Recognizing adjacency lists as linked structures helps understand traversal and update operations.
Common Pitfalls
#1Trying to get all descendants with a single query on parentId.
Wrong approach:Query DynamoDB with parentId = rootId expecting all descendants: Query({ IndexName: 'parentId-index', KeyConditionExpression: 'parentId = :rootId', ExpressionAttributeValues: { ':rootId': '1' } })
Correct approach:Query children with parentId = rootId, then recursively query children of those children in application code or use denormalized paths.
Root cause:Misunderstanding that parentId only links to direct children, not all descendants.
#2Not creating a secondary index on parentId for child queries.
Wrong approach:Query DynamoDB table directly on parentId without an index, causing errors or full table scans.
Correct approach:Create a Global Secondary Index on parentId attribute and query that index for efficient child lookups.
Root cause:Not knowing DynamoDB requires indexes for querying non-key attributes.
#3Allowing cycles by setting an item's parentId to its own descendant.
Wrong approach:Update item with id=3 to have parentId=5, where 5 is a child of 3, creating a cycle.
Correct approach:Before updating parentId, check ancestor chain to prevent cycles.
Root cause:Assuming database enforces hierarchy integrity automatically.
Key Takeaways
The adjacency list pattern stores each item's parent ID to build hierarchies simply and flexibly.
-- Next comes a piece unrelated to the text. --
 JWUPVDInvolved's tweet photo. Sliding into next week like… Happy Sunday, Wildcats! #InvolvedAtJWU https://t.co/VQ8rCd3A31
DynamoDB requires secondary indexes on parentId to efficiently query children of a node.
Upward traversal in adjacency lists needs multiple queries following parent links, which can be slow.
Denormalization can speed queries but adds complexity in keeping data consistent.
Applications must handle cycle detection and data integrity because adjacency lists do not enforce it.